Former President Donald Trump leaves Trump Tower to meet with New York Attorney General Letitia James for a civil investigation on August 10 in New York City. Trump is reportedly nearing a decision on when to announce his 2024 bid. (James Devaney/GC Images/Getty Images)
What happens if the 2024 election is between Donald Trump and somebody like Bernie Sanders? What happens if the Republicans nominate someone who is morally unacceptable to millions of Americans while the Democrats nominate someone who is ideologically unacceptable? Where do the millions of voters in the middle go? Does Trump end up winning as voters refuse to go that far left?
The group No Labels has been working quietly over the past 10 months to give Americans a third viable option. The group calls its work an insurance policy. If one of the parties nominates a candidate acceptable to the center of the electorate, then the presidential operation shuts down. But if both parties go to the extremes, then there will be a unity ticket appealing to both Democrats and Republicans to combat this period of polarized dysfunction.

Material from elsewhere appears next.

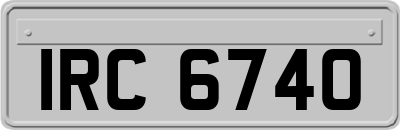 IRC6740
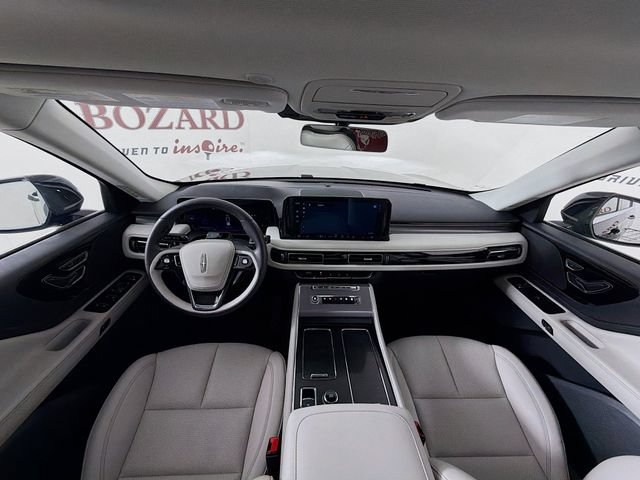 New 2026 Lincoln Aviator 2WD image 27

The No Labels operation is a $70 million effort, of which $46 million has already been raised or pledged. It has four main prongs. The first is to gain ballot access for a prospective third candidate in all 50 states and the District of Columbia. The organization is working with lawyers, political strategists and petition firms to amass signatures and establish a No Labels slot on the 2024 ballots. The group already has more than 100,000 signatures in Ohio, for example, and 47,000 signatures in Arizona.
The second effort is to create a database on those Americans who would support a unity ticket. The group’s research suggests there are 64.5 million voters who would support such an effort, including roughly one-third of the people who supported Donald Trump in 2020 and 20% of the Democrats who supported Joe Biden in that year, as well as a slew of independents.
The group has identified 23 states where they believe a unity ticket could win a plurality of the vote, including Pennsylvania, Virginia, North Carolina, Texas, Minnesota and Colorado. If the ticket gained a plurality in those 23 states, that would give its standard-bearer 279 electoral votes and the presidency.
The third effort is to find a policy agenda that appeals to unity voters. The group has come up with a series of both/and positions on major issues: comprehensive immigration reform with stronger borders and a path to citizenship for DACA immigrants; U.S. energy self-sufficiency while transitioning to cleaner sources; no guns for anyone younger than 21 and universal background checks; moderate abortion policies with abortion legal until about 15 weeks.
The fourth effort is to create an infrastructure to nominate and support a potential candidate. There’s already a network of state co-chairs and local volunteers.
The people who are volunteering for this emphasize that they are not leaving their parties. This is not an effort to create a third party, like Andrew Yang’s effort. This is a one-off move to create a third option if the two major parties abandon the middle in 2024.
The big question is: Is this a good idea? To think this through I’ve imagined a 2024 campaign in which the Republicans nominate Trump, Biden retires and the Democrats nominate some progressive and the No Labels group nominates retired Adm. William McRaven and former PepsiCo CEO Indra Nooyi. (I’m just grabbing these latter two names off the top of my head as the sort of people who might be ideal for the No Labels ticket).
The first danger is that the No Labels candidates would draw more support away from the Democrats and end up reelecting Trump. This strikes me as a real possibility, although No Labels activist Jenny Hopkins from Colorado tells me, “I find it easier to find Republicans who want to pull away from Trump than it is to find Democrats who want to pull away from Biden.”
The second danger is that the No Labels candidates fail to generate any excitement at all. Millions of Americans claim to dislike the two major parties, but come election time they hold their noses and support one in order to defeat the party they hate more.
The last competitive third presidential option was Ross Perot in 1992. He ran as a clear populist outsider, not on the moderate “unity” theme that is at the heart of the No Labels effort. On the other hand, the gap between the two parties is much vaster today than when Perot ran against Bill Clinton and George H.W. Bush. There is much more running room up the middle. Plus, the country is much hungrier for change. Only 13% of American voters say the country is on the right track.
This is one of those efforts that everybody looks at with skepticism at first. But if ever the country was ripe for something completely different, it’s now.
David Brooks is a New York Times columnist.